Almost a year ago, Penny Ashton started experiencing an unpleasant sensation “down below”. “I got into my car to drive to Christchurch and thought, hmm, that feels weird,” she recalls. “It was like a burning, not itchy but sore.”
Ashton, an Auckland actor and comedian, has been presenting a podcast, Showy Ovaries, which is focused on women’s health and in particular the menopause transition. She was 47 at the time and assumed this must be related to her changing hormones.
On her way south, she stopped to buy some lubricant to see if that eased things but it didn’t help. Then she thought she might have an episode of thrush, but that proved not to be the case either.

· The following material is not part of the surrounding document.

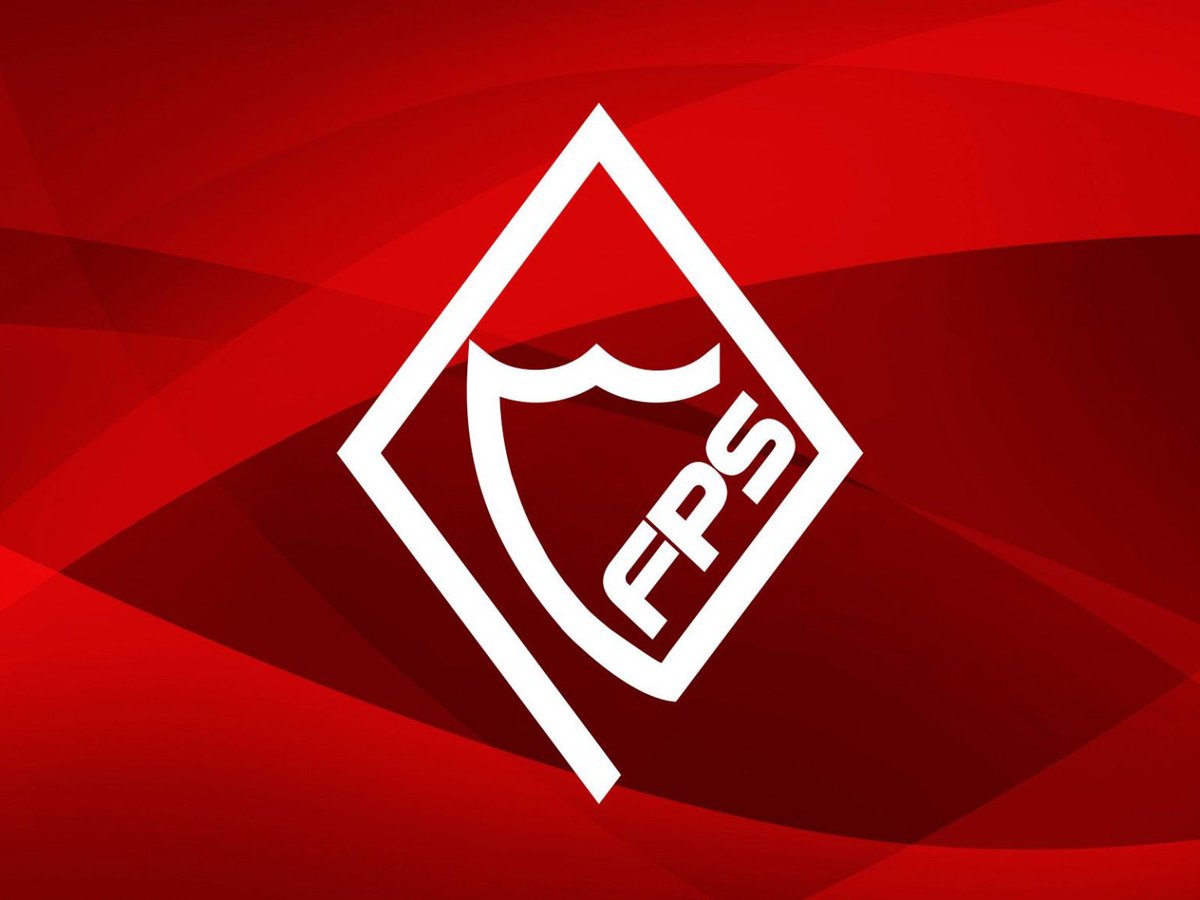 fpsevillistas's tweet photo. La Federación de Peñas Sevillistas "San Fernando" inicia la recogida de firmas para solicitar el cese del Consejo de Administración del @SevillaFC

“I was rubbing all sorts of things in but it made no difference,” recalls
Ashton, who by then also had pain down the sides and backs of her legs.
Finally, a sexual health specialist diagnosed her persistent pelvic pain as vulvodynia. This is a condition that affects the vulva – the outer part of the female genitals – and it is not very well known or understood. Diagnosis tends to be via a process of eliminating other possible conditions, and so typically it can take a while.
Auckland physiotherapist Jamie Thomas is a pelvic health specialist and has treated many women, along with trans and non-binary people, with the condition.
“Some have been told that it’s all in their heads and so it takes them a long time, and a lot of courage, to continue seeking answers,” she says.